A war party of several hundred Lakota and Yankton were eventually encountered. A battle was narrowly avoided by the firing the company cannons with only powder and the linguistic skills of Dorion. In the ensuing discussions with assembled Sioux leadership Dorion translated for Hunt. Assurances were given that the expedition wouldn't trade with the neighboring Arikara, Mandan and the Gros Ventre nations, all three of whom the Sioux were at war with. After this the expedition was allowed to continue towards the Pacific Coast.

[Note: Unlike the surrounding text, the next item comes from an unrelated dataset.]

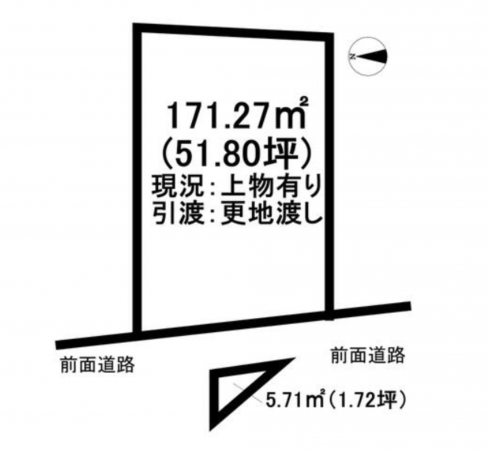 豊橋市牛川町、土地の間取り画像です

Lisa and his own expedition caught up with the Pacific Fur Company group in early June. John Bradbury recounted how tensions arose between Dorion and Lisa: Mr. Lisa had invited Dorion, our interpreter, to his boat, where he had given him some whiskey, and took that opportunity of avowing his intention to take him away from Mr. Hunt, in consequence of a debt due by Dorion to the Missouri Fur Company... A duel between Lisa and Dorion was narrowly avoided by Henry Marie Brackenridge and Bradbury intervening between the men.

==Death==
After many material struggles, the overland expedition reached Fort Astoria in 1812. Dorion and his family were sent to the Snake River as part of a trapping outfit under John Reed the following year. Early in 1814, Dorion, Reed and five other trappers were killed by a band of either Northern Shoshone or Bannocks His wife and two children then began their celebrated journey back to the safety of Pacific Fur Company posts.